[Captioned web images]
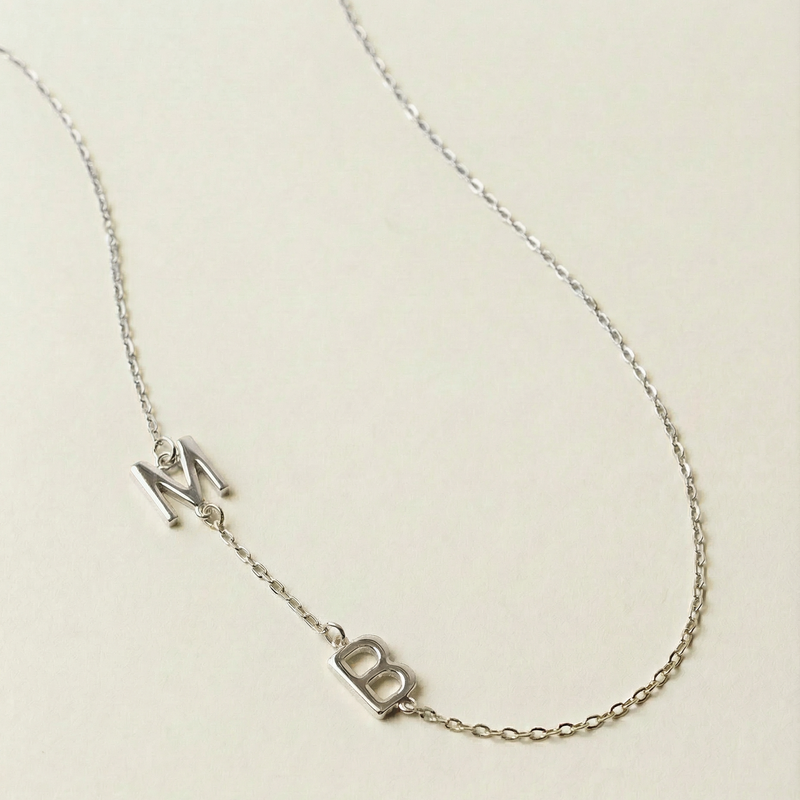 The Two Initial Essential Necklace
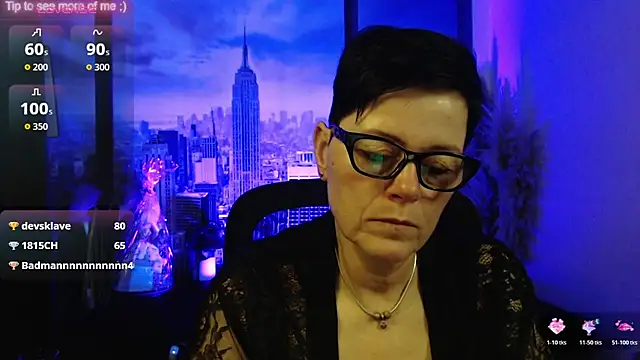 Show de ninarandmann na webcam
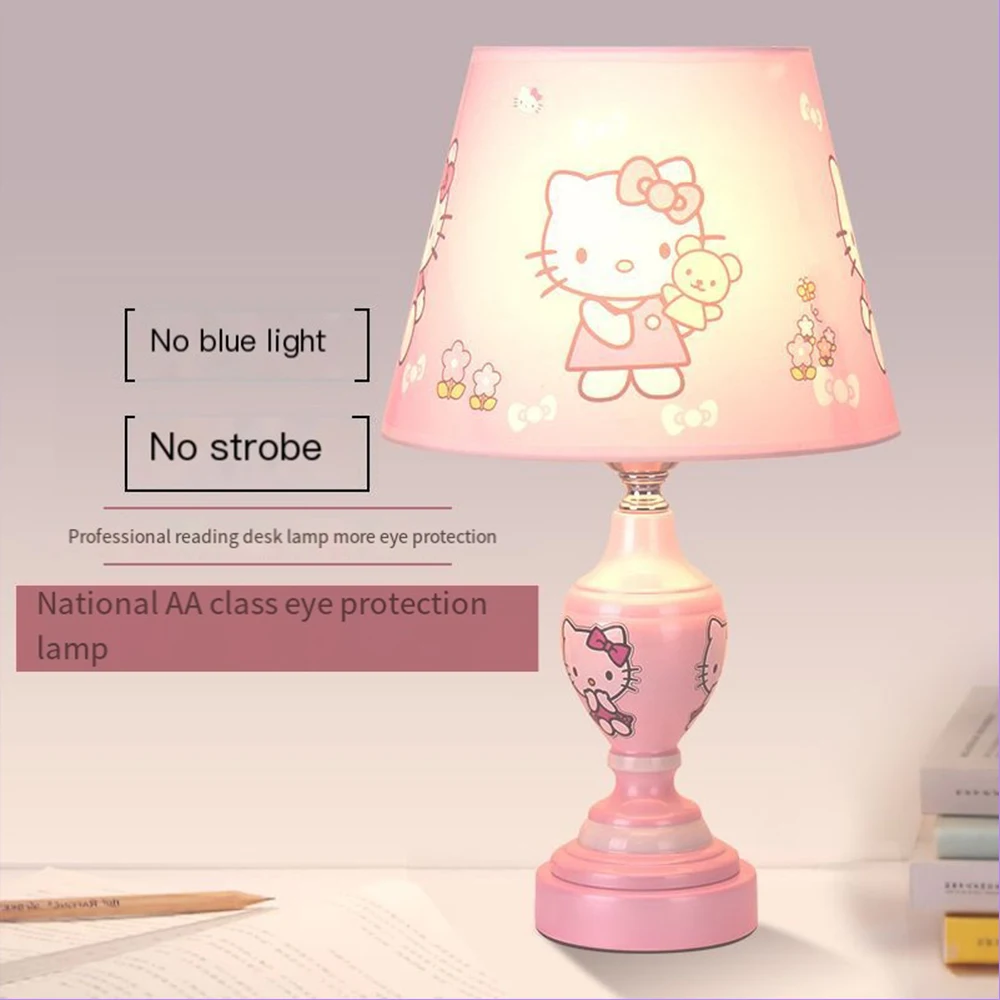 

Sanrio Night Light Hello Kitty Anime Led Lamp Kawaii Pink Princess Bedroom Bedside Breastfeeding Study Warm Light Toy Kids Gift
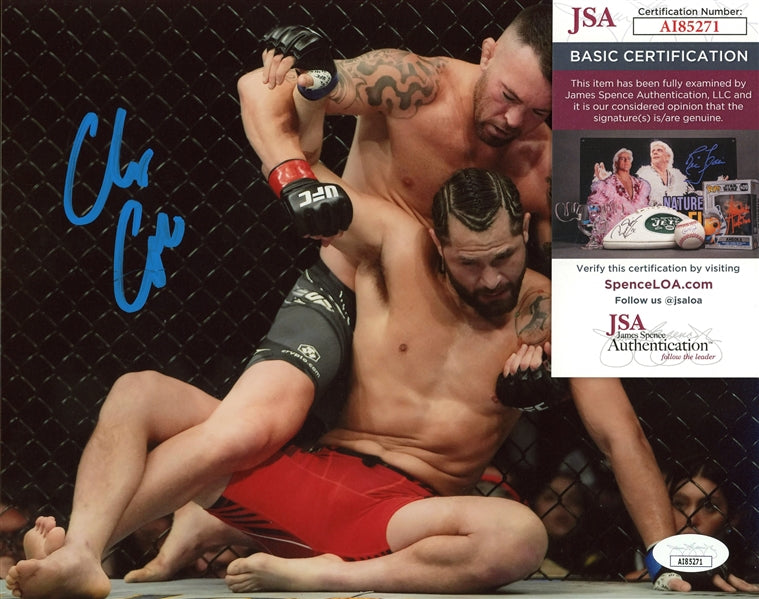 Colby Covington Signed UFC 8x10 Photo (JSA COA)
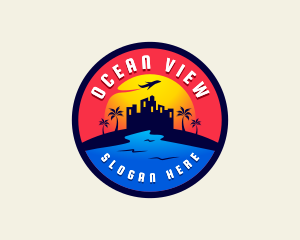 Travel Beach Seaside logo design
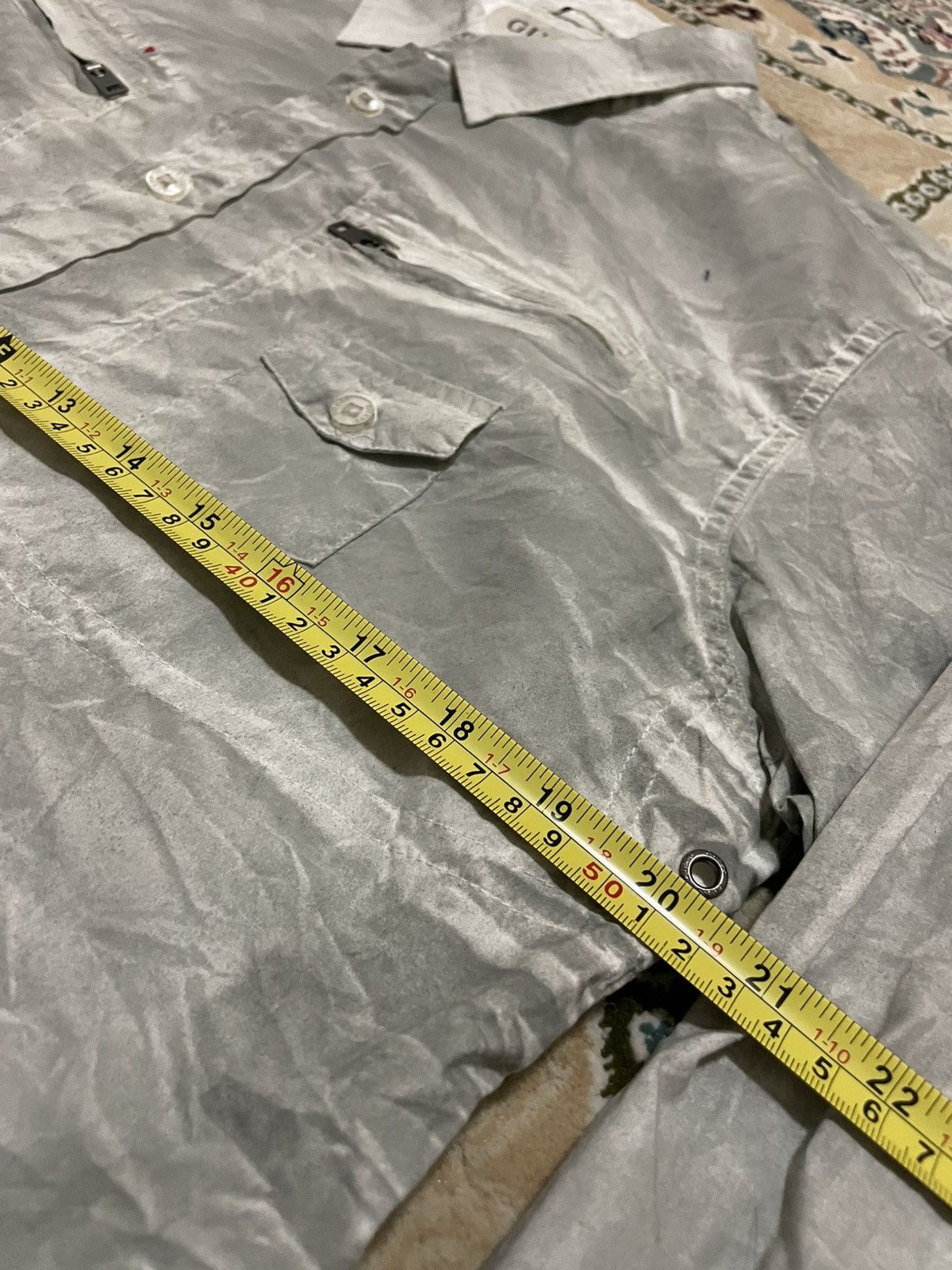 Guess Man Gray Limited Edition Guess Button Up Tshirt Stone Wash Size US M / EU 48-50 / 2 - 8 Thumbnail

EXERCISE DIRECTIONS. Type out all of the records exactly, leaving out any picture.

SOLUTION TO THIS EXERCISE.
 The Two Initial Essential Necklace
 Show de ninarandmann na webcam

Sanrio Night Light Hello Kitty Anime Led Lamp Kawaii Pink Princess Bedroom Bedside Breastfeeding Study Warm Light Toy Kids Gift
 Colby Covington Signed UFC 8x10 Photo (JSA COA)
 Travel Beach Seaside logo design
 Guess Man Gray Limited Edition Guess Button Up Tshirt Stone Wash Size US M / EU 48-50 / 2 - 8 Thumbnail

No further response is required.